В компании считают появление данного решения очень своевременным. Статистика, накопленная в Positive при работе с заказчиками, свидетельствует, что защищенный периметр 87% локальных вычислительных сетей уязвим для проникновения извне, и 61% корпоративных информационных систем может взломать даже не самый многоопытный хакер. Пентестеры (специалисты по тестированию ИТ-систем на проникновение, от англ. penetration testing. — Прим. ред.) из Positive убедились, что взлом сети предприятия занимает в среднем три-пять дней, при этом их действия были обнаружены службами безопасности компаний только в 2% случаев тестирования. И ни разу пентестерам не оказывалось организованное противодействие.

Как заявил директор по методологии и стандартизации Positive Дмитрий Кузнецов, такая удручающая статистика имеет свое объяснение: в большинстве российских организаций нет полного представления о собственных информационных активах, отсутствует понимание потенциальных угроз для них. И хотя во многих компаниях имеются специальные защитные средства, чаще всего факт взлома обнаруживается лишь после того, как злоумышленник сделал свое черное дело.

Для обнаружения этих «невидимых» атак рынок предлагает продукты отдельного класса — SIEM (Security Information and Event Management). Их основная задача – сбор данных от различных устройств и приложений предприятия и автоматическое выявление инцидентов. Но, как считают в Positive, на практике эффективность большинства продуктов SIEM остается низкой. Либо такие системы не целиком охватывают информационные ресурсы предприятия, либо у разработчика нет ясного представления о значимых признаках атак и продукт не способен эффективно выявлять их, либо продукт сконцентрирован на событиях безопасности и не может дать комплексной оценки уровня защищенности информационных ресурсов.

Заместитель генерального директора по развитию бизнеса Positive Борис Симис утверждает, что MaxPatrol SIEM лишен этих недостатков, потому что при его разработке использован уникальный опыт компании, полученный в ходе пятнадцатилетних исследований уязвимостей корпоративных ИТ-систем заказчиков (бизнес-приложений, банковских, телекоммуникационных систем и АСУ ТП).

В качестве базовой единицы ИТ-инфраструктуры предприятия MaxPatrol SIEM оперирует понятием «актив». К активам в Positive относят различные объекты: серверы, приложения, стационарные и мобильные устройства пользователей, сетевое оборудование, средства безопасности, а также ИТ-сервисы, в том числе облачные. Для идентификации и инвентаризации активов MaxPatrol SIEM использует широкий набор инструментов, обрабатывающих данные сетевого трафика, журналы событий, конфигурационные файлы, результаты работы сканеров и иных защитных систем. На основе этих данных MaxPatrol SIEM формирует древовидную модель активов, в которой указаны их конфигурации, уязвимости и связи. Модель позволяет произвольно группировать активы, визуально представляя всю топологию сети, и привязывать значимые события к активам.
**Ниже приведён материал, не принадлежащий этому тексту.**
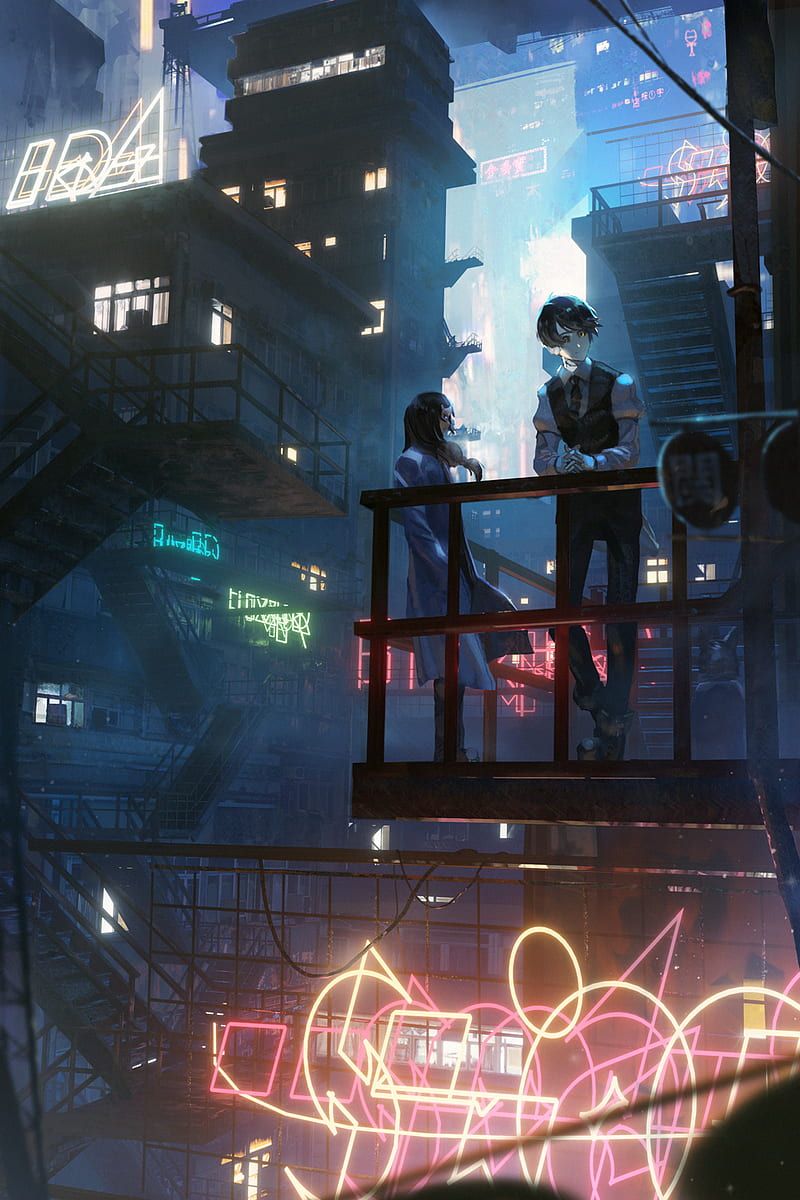 800x1200 Va 11 Hall A, Cyberpunk, Anime, City, HD Phone Wallpaper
Располагая данными об уязвимостях, топологии сети и корпоративном трафике, а также базой знаний Positive об актуальных угрозах и техниках атак, решение MaxPatrol SIEM автоматически генерирует правила корреляции событий. Это позволяет выявлять несанкционированные действия на самых ранних стадиях инцидентов и оперативно реагировать на них. По аналогии с механизмами Big Data в Positive называют свою методику Smart Data, замечая при этом, что в отличие от «классических» Больших Данных их продукт использует не весь информационный пул, а лишь определенный набор ресурсов.

В MaxPatrol SIEM имеется гибкий конструктор отчетности, используя который можно в наглядном виде представить самые разные сведения об уровне защищенности ИТ-системы предприятия. Разработчики подчеркивают, что продукт целиком спроектирован в России и поможет заказчикам на практике реализовать стратегию импортозамещения.

«MaxPatrol SIEM — это тот самый случай, когда импортозамещение не является очковтирательством. Продукт учитывает все требования регуляторов, ведь специалисты Positive участвуют в работе технических комитетов Росстандарта и рабочих групп ФСТЭК России, оказывая им экспертную помощь в формировании национальных требований безопасности. Вместе с тем предложенное решение учитывает сложившиеся в мире передовые практики и может на равных конкурировать с другими разработками на глобальном рынке», — заявил Симис.